### DATA
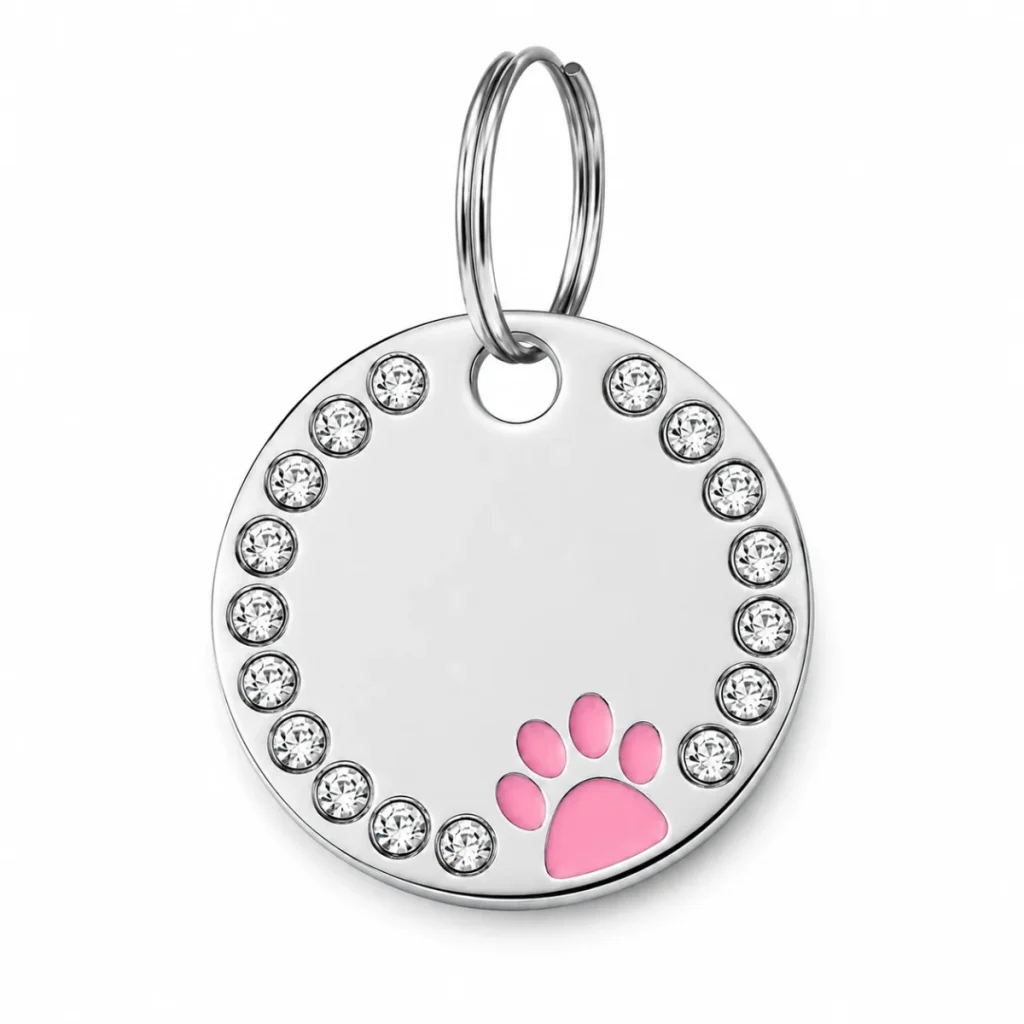 Pink paw print dog ID tag with a rhinestone border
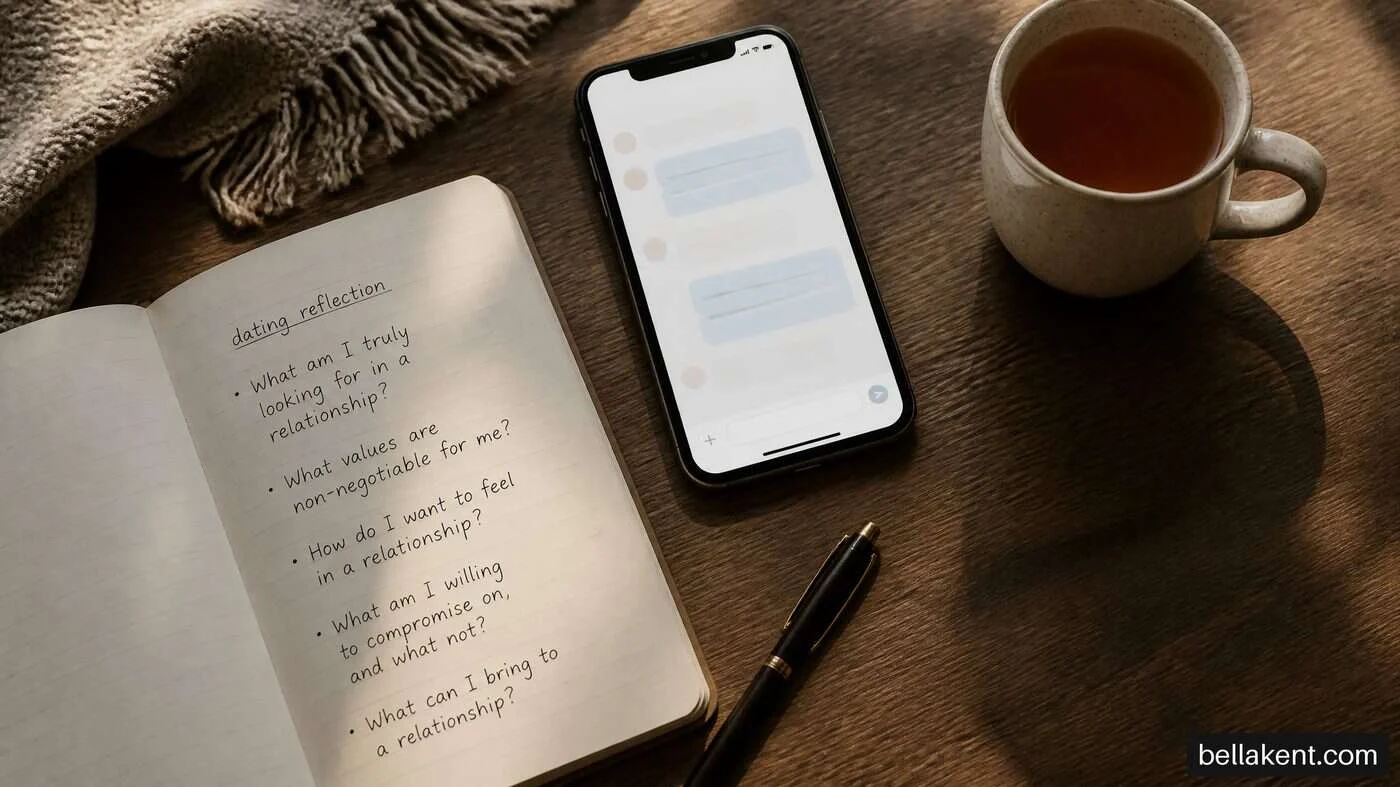 Phone displaying messages beside a handwritten reflection notebook and cup of tea.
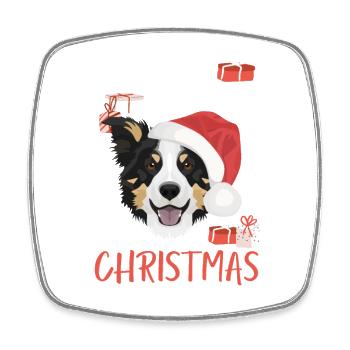 Border Collie Frohe Weihnachten - Viereckiger Kühlschrankmagnet - Weiß - Vorne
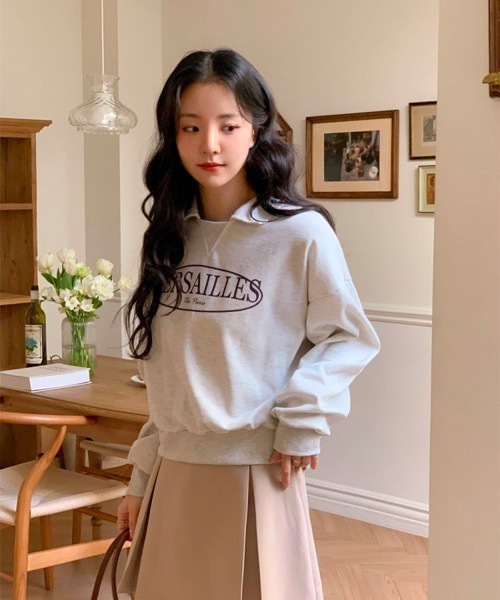 SONA（ソナ）の「SONA 英文プリントカラーネックトレーナー（スウェット・レディース・オレンジ/オートミール・FREE）」の11枚目の写真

### INSTRUCTIONS TO FOLLOW
Nothing should appear in the answer except the lines from the one containing "Border Collie Frohe" through the last line of the listing, given again exactly and with no pictures.

### YOUR SOLUTION
 Border Collie Frohe Weihnachten - Viereckiger Kühlschrankmagnet - Weiß - Vorne
 SONA（ソナ）の「SONA 英文プリントカラーネックトレーナー（スウェット・レディース・オレンジ/オートミール・FREE）」の11枚目の写真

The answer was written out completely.